Unsurprising, flippant, middle-road semi-satire. Worst aspect is the snarky preciousness of the narrator who oversells the material, putting every word in sarcastic vocal quotation marks. This is why I often find the best audiobook narrators are authors who read their own work. They don't try to "act" so hard, they just communicate.
"good novel, decent-to-poor narration"
A very good novel, and decently narrated, until the narrator begins with the elderly painter Effing whom he presents as a cartoon-curmudgeon, speaking the character's words with barely a variation in tone, inflection, and emphasis. The novel at this point becomes difficult to judge, seeming to slump into a dramatic middle ground - engaging to a point; predictable beyond that point.
Needed more vocal imagination and insight regarding the character of the elderly painter Effing.
Finish the Audible book, despite the growing effort needed to do so.
"Win-win"
One of the best books I have read or listened to this year, and one of the best audiobook narrations.

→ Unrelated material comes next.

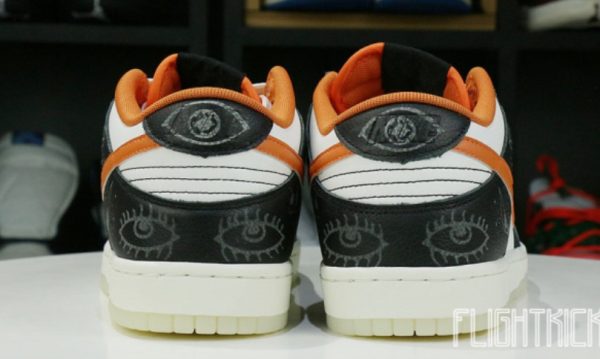 Dunk Low œHalloween 2021 Iconic Sneaker - Style - Image 4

"a fine match of author and narrator"
Engaging and enlightening. And perfectly read by Susan Ericksen who voices the author and her other characters cleanly and expressively, with just the right blend of passion and dramatic restraint.
"landmark book, mediocre readers"
Agree with reviewer below who lambastes the narrators. Especially bad is the male voice doing the introduction and several subsequent sections. He doesn't know if he's Irish or South Carolinian or from Down East Maine, forget about Ohio. A mishmash of summer stock readers overall. This book deserves better.
"great novel, great narration"
One of the greatest American novels, and Grover Gardner's narration is among Audible.com's very best. Gardner doesn't just read Faulkner, he becomes him.
"great stories survive overcooked narration, barely"
Five stars for the stories, a half-star for the narrator whose affected resonance and melodramatic thoughtfulness draw more attention to themselves than to the texts. Narrators like this make me want to say: It's not about you, it's about the book.